DATASET:
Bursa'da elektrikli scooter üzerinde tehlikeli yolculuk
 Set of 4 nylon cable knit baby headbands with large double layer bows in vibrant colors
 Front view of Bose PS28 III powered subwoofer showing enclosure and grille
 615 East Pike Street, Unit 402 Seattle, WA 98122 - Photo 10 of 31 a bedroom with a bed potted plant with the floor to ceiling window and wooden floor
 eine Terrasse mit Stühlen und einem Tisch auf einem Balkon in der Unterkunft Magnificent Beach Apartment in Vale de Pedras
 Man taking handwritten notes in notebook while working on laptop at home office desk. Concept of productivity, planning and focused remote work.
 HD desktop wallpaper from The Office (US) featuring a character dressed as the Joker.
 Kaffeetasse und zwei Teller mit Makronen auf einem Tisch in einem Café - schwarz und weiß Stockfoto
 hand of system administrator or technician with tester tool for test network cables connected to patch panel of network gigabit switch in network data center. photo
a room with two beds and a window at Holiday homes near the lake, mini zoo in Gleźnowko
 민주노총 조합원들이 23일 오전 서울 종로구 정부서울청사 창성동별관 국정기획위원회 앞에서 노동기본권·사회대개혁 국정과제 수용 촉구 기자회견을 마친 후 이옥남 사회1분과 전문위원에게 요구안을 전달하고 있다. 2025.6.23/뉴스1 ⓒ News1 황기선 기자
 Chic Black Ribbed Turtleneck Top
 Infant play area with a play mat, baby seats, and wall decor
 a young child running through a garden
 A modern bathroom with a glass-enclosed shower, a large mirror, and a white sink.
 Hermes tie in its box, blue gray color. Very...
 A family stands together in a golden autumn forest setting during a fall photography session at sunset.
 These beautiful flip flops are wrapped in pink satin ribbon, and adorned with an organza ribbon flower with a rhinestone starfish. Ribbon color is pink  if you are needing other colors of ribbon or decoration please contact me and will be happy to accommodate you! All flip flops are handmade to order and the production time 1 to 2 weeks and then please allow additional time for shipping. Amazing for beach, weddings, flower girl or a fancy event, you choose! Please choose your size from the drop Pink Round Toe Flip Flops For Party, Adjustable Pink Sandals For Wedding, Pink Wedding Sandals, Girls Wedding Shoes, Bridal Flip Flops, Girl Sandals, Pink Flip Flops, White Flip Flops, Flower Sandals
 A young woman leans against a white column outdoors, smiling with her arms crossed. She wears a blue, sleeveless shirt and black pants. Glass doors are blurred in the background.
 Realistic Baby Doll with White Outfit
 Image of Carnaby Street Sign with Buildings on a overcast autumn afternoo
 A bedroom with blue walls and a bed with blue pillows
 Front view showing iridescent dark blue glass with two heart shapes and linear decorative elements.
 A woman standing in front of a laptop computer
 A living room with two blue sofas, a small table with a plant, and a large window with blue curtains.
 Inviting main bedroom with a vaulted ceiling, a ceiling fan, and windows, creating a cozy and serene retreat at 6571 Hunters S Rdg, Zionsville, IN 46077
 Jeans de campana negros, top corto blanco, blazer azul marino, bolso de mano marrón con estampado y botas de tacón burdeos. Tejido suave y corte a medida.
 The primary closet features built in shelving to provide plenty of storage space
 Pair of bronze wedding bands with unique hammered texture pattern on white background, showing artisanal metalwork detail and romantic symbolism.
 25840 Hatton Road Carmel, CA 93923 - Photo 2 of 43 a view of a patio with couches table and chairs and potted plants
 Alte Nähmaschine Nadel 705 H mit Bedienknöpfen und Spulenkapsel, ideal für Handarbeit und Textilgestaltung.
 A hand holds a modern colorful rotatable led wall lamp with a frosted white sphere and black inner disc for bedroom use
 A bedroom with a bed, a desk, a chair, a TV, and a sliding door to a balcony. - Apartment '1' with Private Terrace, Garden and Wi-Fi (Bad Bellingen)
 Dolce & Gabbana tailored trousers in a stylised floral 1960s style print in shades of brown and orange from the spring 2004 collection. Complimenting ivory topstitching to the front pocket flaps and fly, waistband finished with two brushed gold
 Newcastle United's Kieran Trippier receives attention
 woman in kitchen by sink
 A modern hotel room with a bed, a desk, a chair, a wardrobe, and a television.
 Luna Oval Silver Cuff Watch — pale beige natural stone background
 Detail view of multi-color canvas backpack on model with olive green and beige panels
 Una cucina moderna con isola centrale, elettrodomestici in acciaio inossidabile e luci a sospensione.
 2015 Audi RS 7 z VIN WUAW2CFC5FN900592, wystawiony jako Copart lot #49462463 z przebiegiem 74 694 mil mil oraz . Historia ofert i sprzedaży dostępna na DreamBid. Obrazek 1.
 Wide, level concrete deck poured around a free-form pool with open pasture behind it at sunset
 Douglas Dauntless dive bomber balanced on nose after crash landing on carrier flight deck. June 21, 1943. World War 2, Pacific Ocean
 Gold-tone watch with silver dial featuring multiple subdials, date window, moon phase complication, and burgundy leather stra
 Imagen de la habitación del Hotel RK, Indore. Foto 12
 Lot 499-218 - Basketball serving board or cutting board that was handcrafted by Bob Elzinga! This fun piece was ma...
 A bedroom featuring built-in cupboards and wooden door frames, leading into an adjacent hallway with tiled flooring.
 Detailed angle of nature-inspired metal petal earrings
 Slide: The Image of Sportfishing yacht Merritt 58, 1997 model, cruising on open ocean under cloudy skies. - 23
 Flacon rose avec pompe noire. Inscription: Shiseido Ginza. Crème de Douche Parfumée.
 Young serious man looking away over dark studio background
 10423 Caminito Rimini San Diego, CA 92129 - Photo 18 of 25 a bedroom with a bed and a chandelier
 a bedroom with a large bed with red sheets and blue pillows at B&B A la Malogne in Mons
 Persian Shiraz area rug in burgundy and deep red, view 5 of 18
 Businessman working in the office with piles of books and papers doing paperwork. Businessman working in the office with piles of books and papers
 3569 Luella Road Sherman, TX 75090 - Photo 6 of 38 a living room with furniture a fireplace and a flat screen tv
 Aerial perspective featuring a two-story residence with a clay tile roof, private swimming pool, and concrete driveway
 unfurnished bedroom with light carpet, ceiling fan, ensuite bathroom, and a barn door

REQUIREMENT:
The required reply is the count of lines in the entries above where the string "pool" appears, and nothing more.

RESPONSE TO THE TASK:
2